Peristiwa penghadangan dan penembakan di Pahang yang menyebabkan tewasnya pejabat British High Commissioner of Malaya Sir Henry Gurney pada Oktober 1951 merupakan titik balik bagi pergerakan MNLA. Kejadian ini membuat banyak rakyat menolak kampanye mereka, karena tidak ada lagi rasa aman. Apabila pejabat tinggi seperti Sir Henry Gurney saja bisa dibunuh dengan mudah oleh gerilyawan MNLA, apalagi rakyat. Pada Januari 1952 Perdana Menteri Inggris Winston Churchill menunjuk Letnan Jenderal Sir Gerald Walter Robert Templer untuk menjabat sebagai British High Commissioner of Malaya.
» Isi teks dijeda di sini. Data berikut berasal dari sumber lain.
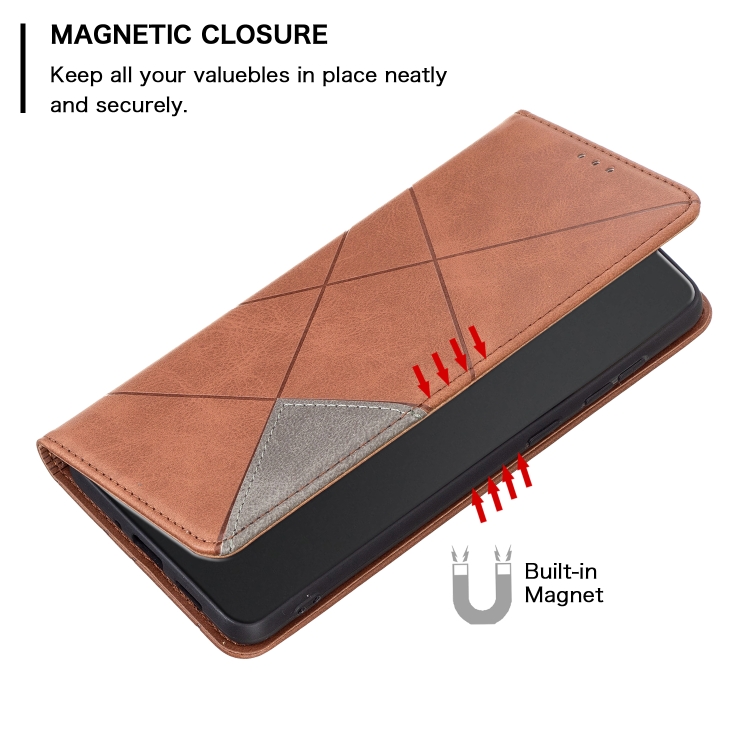  Xiaomi 13 Lite 5G Fodral Geometriskt Flip Läder Brun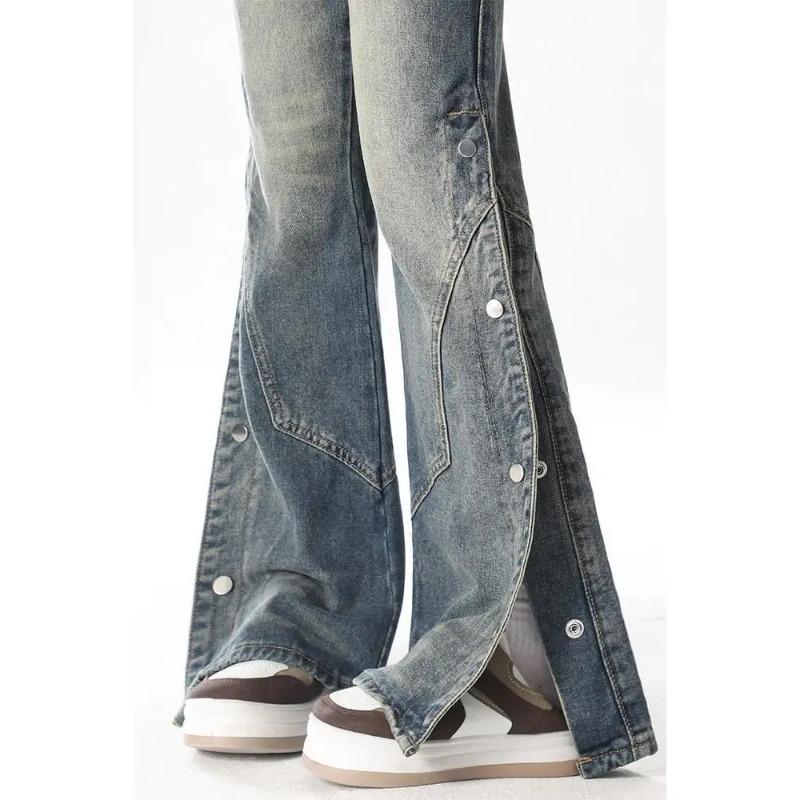 American Retro Micro Flared Women Jeans In High Street Gothic Split Design for Men and Women Pants High Waisted Jeans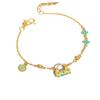 Nueva pulsera vintage con diseño de estanque de loto Yuhuan, nueva pulsera con cierre de koi y gota de aceite de esmalte chino, joyería de oro de estilo chino.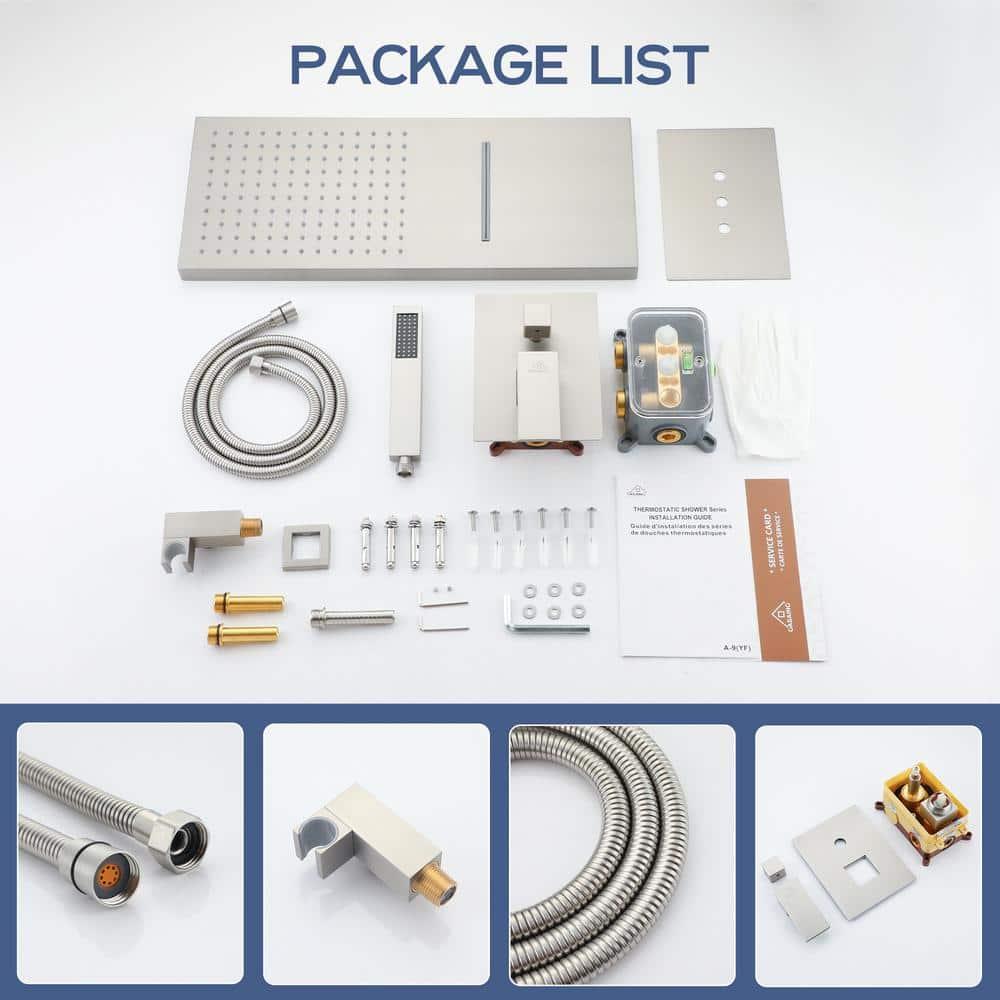 Cascade Bliss Luxury Complete Shower System with Rough-in Valve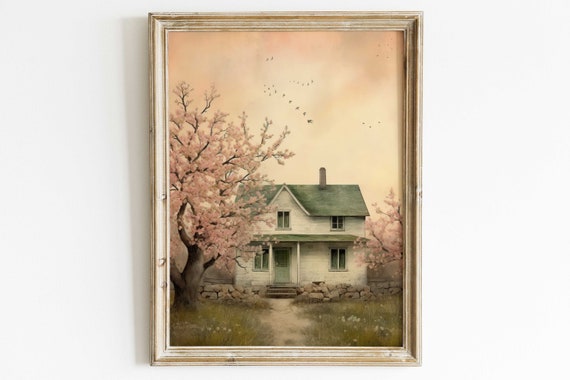 Countryside Wall Art Rural Wall Art Country House Print Cherry Tree Painting Rustic Country Home Decor Country Style Art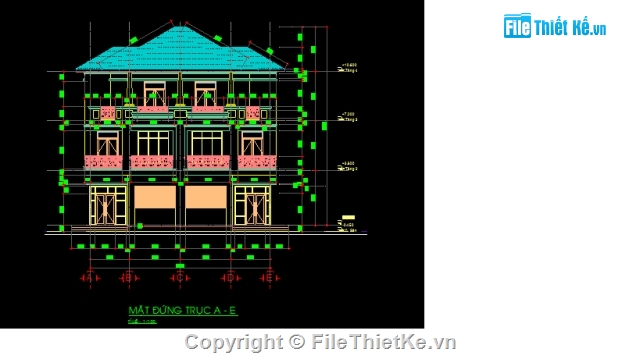 Bản vẽ,Biệt thự,Biệt thự song lập,nhà song lập,Bản vẽ biệt thự song lập,Biệt thự song lập 12.4 x14.2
Letnan Jenderal Templer berusaha mempercepat proses relokasi warga etnis Cina yang telah dilaksanakan lewat Briggs Plan.
Menurutnya, cara yang tepat menumpas gerilyawan MNLAadalah dengan menarik simpati rakyat agar mau mendukung langkah Pemerintah Kolonial Inggris bukan menambah pasukan lagi. Cara ini dibarengi dengan memberikan imbalan materi bagi para penduduk yang memberikan informasi tentang keberadaan gerilyawan MNLA dan memperluas jaringan intelijen sipil untuk mendukung operasi militer yang dilakukan. Keberadaan Suku Dayak di hutan-hutan juga tidak luput dari kampanye Militer Inggris, mereka memanfaatkan kemampuan Suku Dayak untuk melakukan penjejakan terhadap gerilyawan MNLA yang selalu bergerak berpindah-pindah.
Personel militer yang diterjunkan oleh Pemerintah Kolonial Inggris juga mulai memberikan bantuan kesehatan dan makanan kepada penduduk di hutan untuk menarik simpati mereka selain melaksanakan tugas pokoknya mengejar para gerilyawan MNLA. Langkah anti-gerilya ini terbukti efektif untuk mendorong para gerilyawan yang loyal jauh ke dalam hutan dan membuat mereka mulai merasakan kesulitan karena kekurangan suplai logistik sementara para gerilyawan yang menyerah mendapat pengampunan dari Pemerintah. Letnan Jenderal Templer juga mempercepat proses pembentukan Angkatan Bersenjata Malaya cikal bakal militer Malaysia, agar kelak mampu menyelesaikan konflik secara mandiri tanpa tergantung oleh kekuatan militer Inggris dan negara persemakmuran lainnya.